In spite of modern alterations this is substantially
the same chapel as that in which Evelyn so often
anxiously marked the conduct of King Charles,
and of his brother the Duke of York, at the celebration of the sacrament. The gold plate and
offertory basin are the same as those used in the
days of our last Stuart sovereign.
Eastward of the Colour Court are the gates
leading to the quadrangle formerly known as "the
Chair Court." The State Apartments, in the south
front of the Palace, face the garden and St. James's
Park. The sovereign enters by the gate on this
side; it was here, on the 2nd of August, 1786,
that Margaret Nicholson made an attempt to assassinate George III. as he was alighting from his
carriage.
The State Apartments are said by the guidebooks to be commodious and handsome, but they
certainly are not very imposing, and indeed may,
with truth, be pronounced mean, with reference to
the dignity of English royalty. They are entered
by a passage and staircase of great elegance. At
the top of the latter is a gallery or guard-room
converted into an armoury. The walls are tastefully decorated with daggers, muskets, and swords,
arranged in various devices, such as stars, circles,
diamonds, and Vandyke borders. This apartment
is occupied by the Yeomen of the Guard on the
occasion of a drawing-room. The Yeomen of the
Guard are 140 in number; it is part of their duty
to carry up the dishes to the royal table. They
also take care of the baggage when the sovereign
removes from one place to another. Their principal duty, however, consists in keeping the passages
about the palace clear on state days. In former
days the yeomen dined together, and kept a good
table too. "Cannot one fancy," writes Thackeray,
"Joseph Addison's calm smile and cold grey eyes
following Dick Steele, as he struts down the Mall
to dine with the Guard at St. James's, before he
himself turns back, with his sober pace and threadbare suit, to walk back to his lodgings up the two
pair of stairs in the Haymarket?"
The old Presence Chamber—or, as it is now
called, the Tapestry Chamber—is the next room
entered.
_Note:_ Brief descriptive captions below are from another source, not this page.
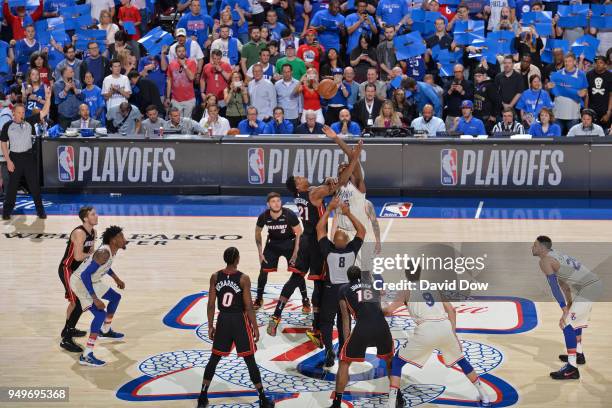 Hassan Whiteside of the Miami Heat and Amir Johnson of the Philadelphia 76ers reach for the jump ball to start game one of round one of the 2018 NBA...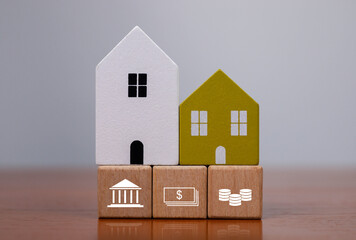 A concept image of wooden houses with banking, cash and coin icons, representing real estate finance, mortgage planning, investment strategy and financial stability for long-term economic security.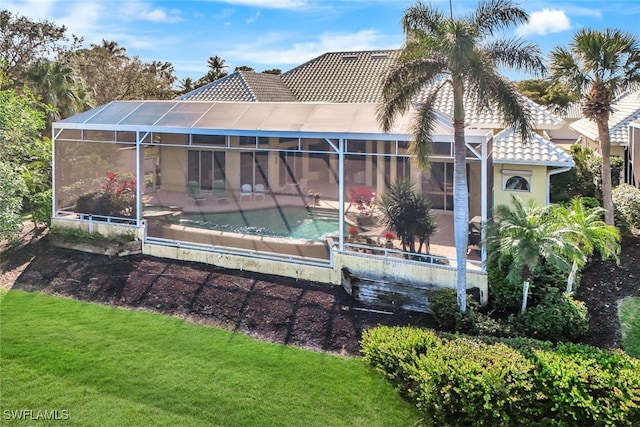 rear view of property with a lanai and a lawn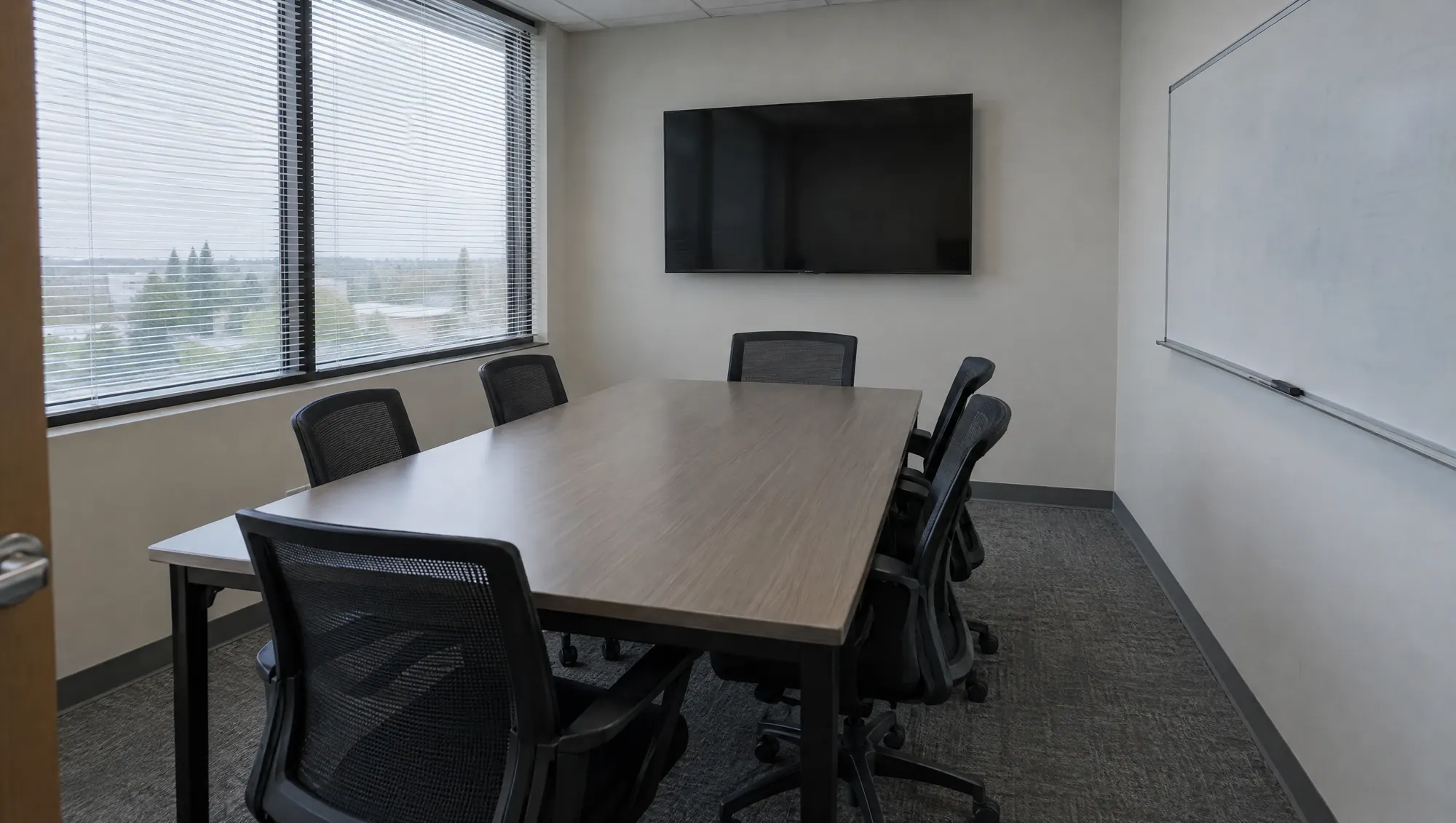 A small office conference room with the table wiped and chairs pushed in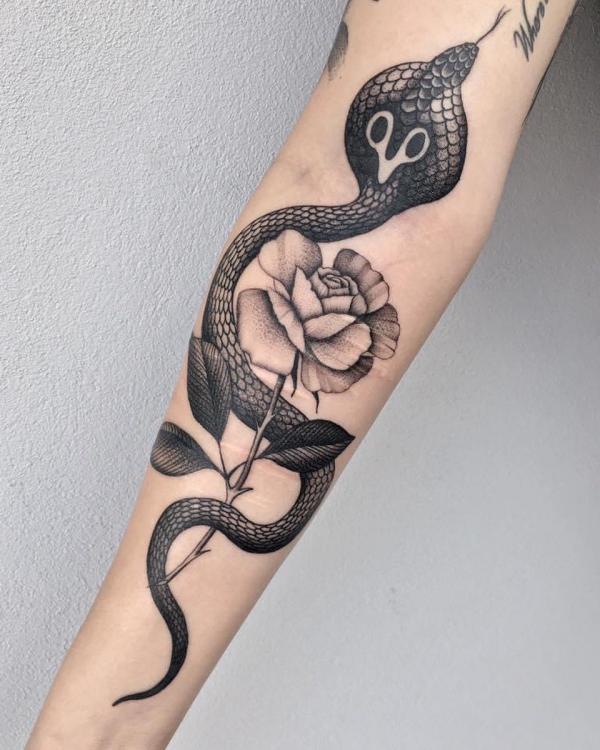 Black cobra and rose with thorns tattoo on forearm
The walls are covered with tapestry,
which was made for Charles II., but was never
actually hung until the marriage, in 1795, of the
Prince of Wales, it having lain, by accident, in a
chest undiscovered until within a short time of
the event. In this room, over the fire-place, are
some relics of the period of Henry VIII.; among
which may be mentioned the initials "H. A."
(Henry and Anne Boleyn) united, as stated above,
by a true-lover's knot; the fleur-de-lis of France,
formerly emblazoned with the arms of England;
the portcullis of Westminster; and the rose of
Lancaster.
When a drawing-room is held, a person attends
here to receive the cards containing the names of
the parties to be presented, a duplicate being
handed to the lord in waiting, to prevent the presentation of persons not entitled to that privilege.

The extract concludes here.